L’art des traits, par Apaches, revue de cinéma

Geronimo, le sang Apache (Geronimo) un film d’Arnold Laven, 1962

Excellente nouvelle dans la petite constellation des publications de cinéphiles, en ligne et/ou en papier – Le Rayon Vert, Tsunami, SuperSeven… –  la revue Apaches, huitième numéro déjà, est passionnante, parce que très informée, érudite avec partage, curieuse, bien écrite, libre.

Apaches, comme ces voyous ayant effrayé Jack Kerouac quand il vint à Brest à la recherche de ses origines (lire Satori à Paris dans la traduction de Jean Autret).

Comme les Indiens contre les cowboys de la critique mainstream.
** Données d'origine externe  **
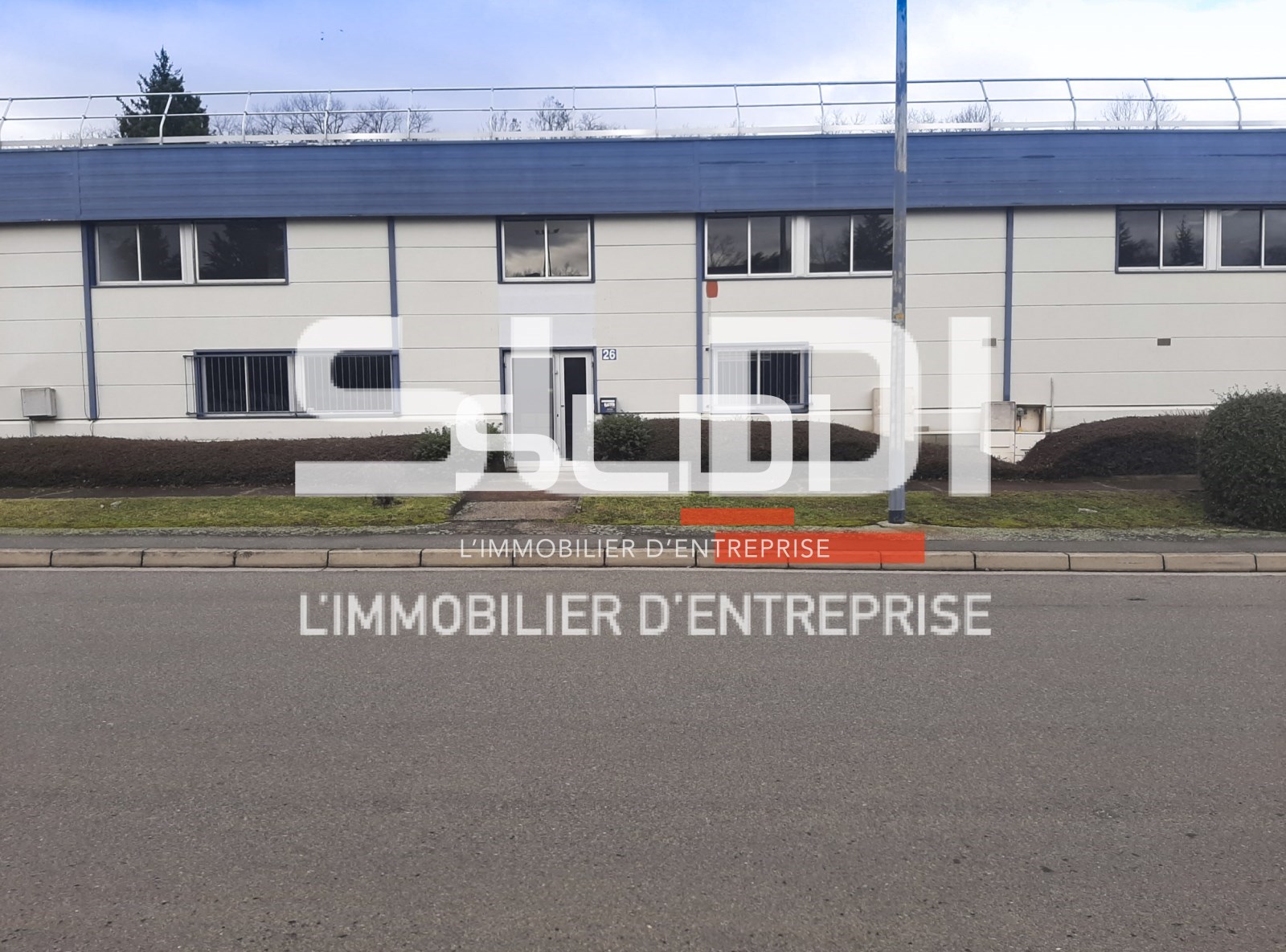 Local industriel  - 1 071m² - ST ETIENNE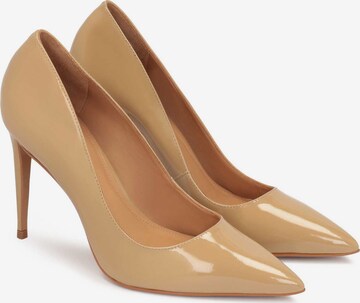 Kazar Pumps in Brown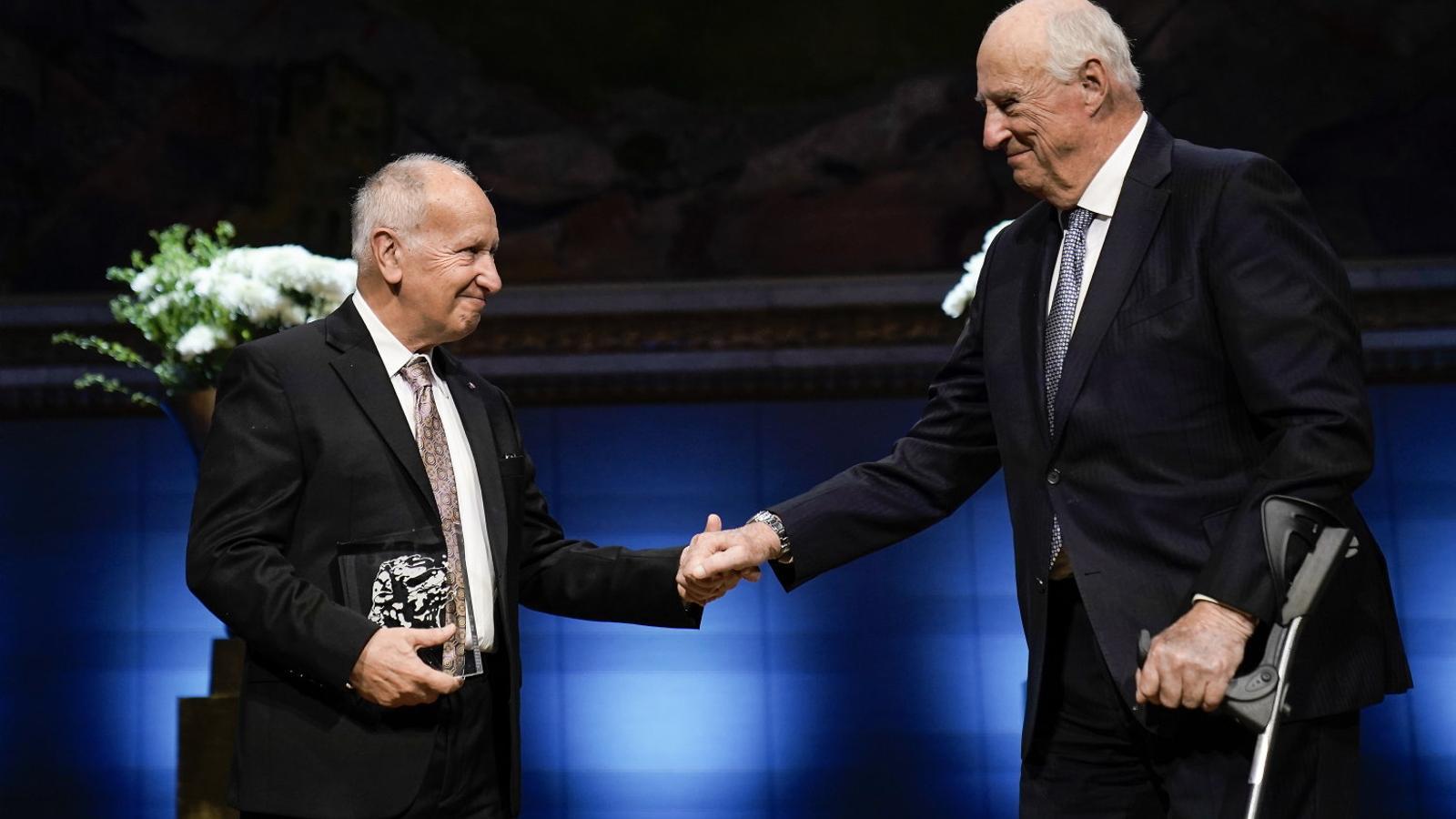 Luis Caffarelli recibiendo el premio Abel de manos del rey de Noruega, Harald V.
Comme Geronimo, dont le cœur, dit-on, était fidèle.

Il y a bien sûr les étoiles Cahiers du cinéma et Positif, mais il y a aussi les planètes de contrebandiers, pensant le cinéma comme une façon d’inventer une contre-société, plus vraie, plus honnête, plus intense que celle qu’on nous impose.

Me frappe à la lecture du dernier opus d’Apaches l’attention portée au verbe, aux voix, à la parole en toutes ses modulations : les bons critiques de cinéma ne sont pas que des regardeurs d’images, mais de grandes lecteurs, attentifs à la façon dont se formulent des idées et dont les émotions se disent.

Lire vraiment, disait Voltaire, c’est savoir relire.

Voir vraiment, c’est de la même façon savoir revoir, et prolonger par les mots ce que l’œil a cru comprendre.  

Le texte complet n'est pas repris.